## Provided material
= Beginning of Section =
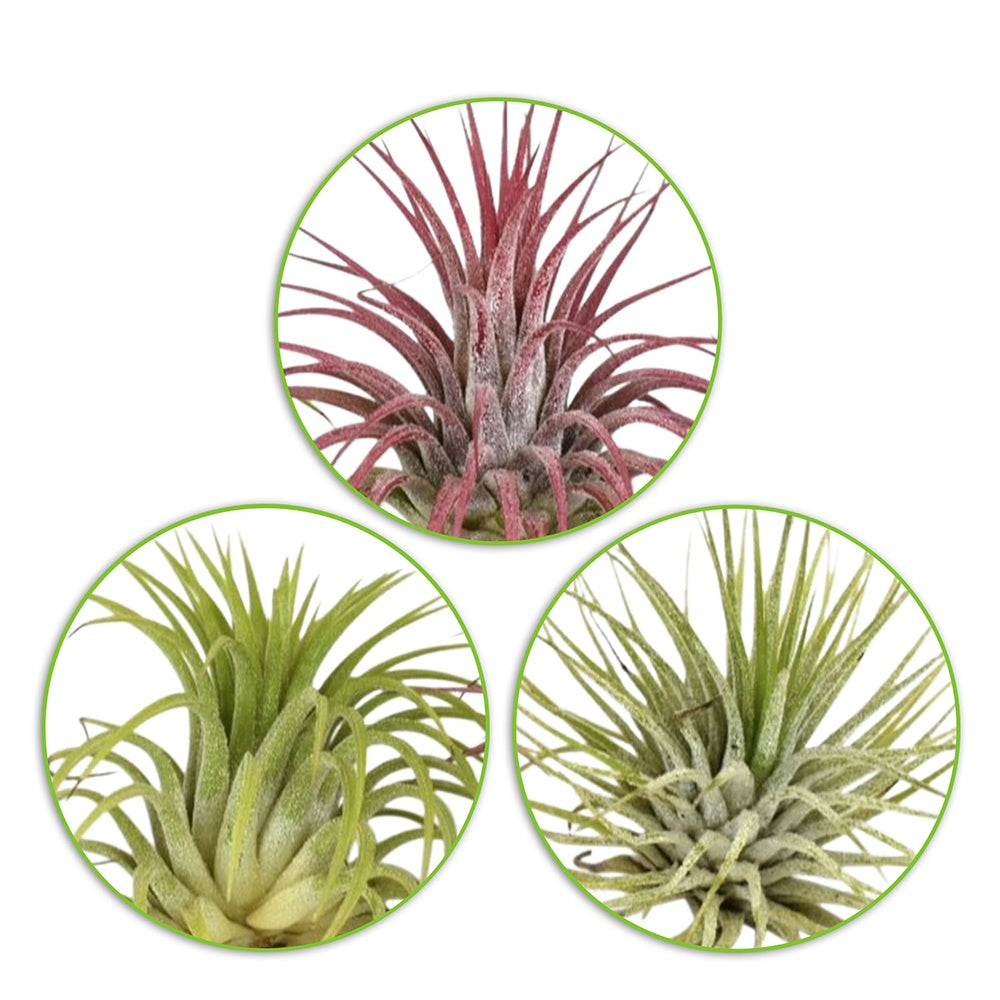 3 Tillandsias en mélange - Tillandsia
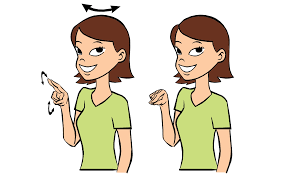 Asking a yes/no question in asl. No Baby Sign Language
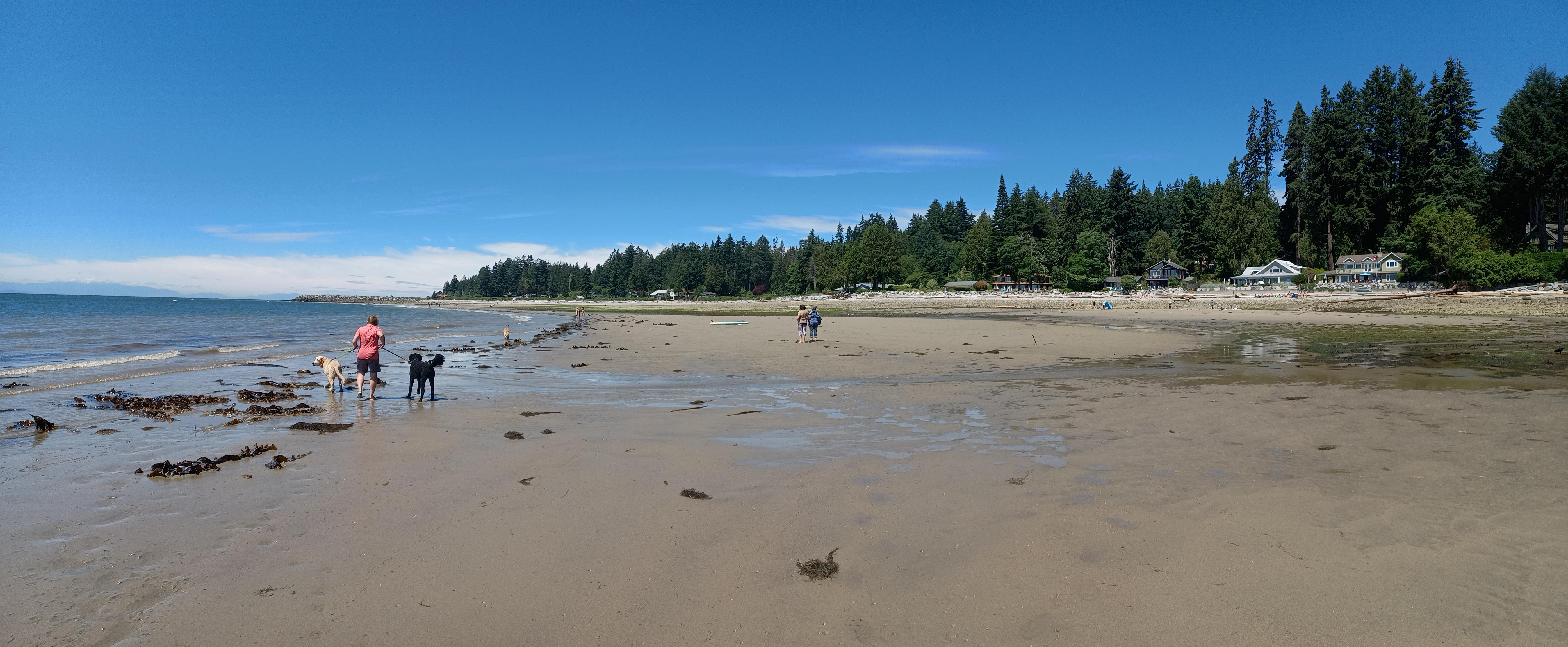 The low tide yesterday at Roberts Creek r/vancouver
= End of Section =
## Exercise instructions
The answer must be the full listing, restated word for word, with no pictures in it.

## Answer
 3 Tillandsias en mélange - Tillandsia
 Asking a yes/no question in asl. No Baby Sign Language
 The low tide yesterday at Roberts Creek r/vancouver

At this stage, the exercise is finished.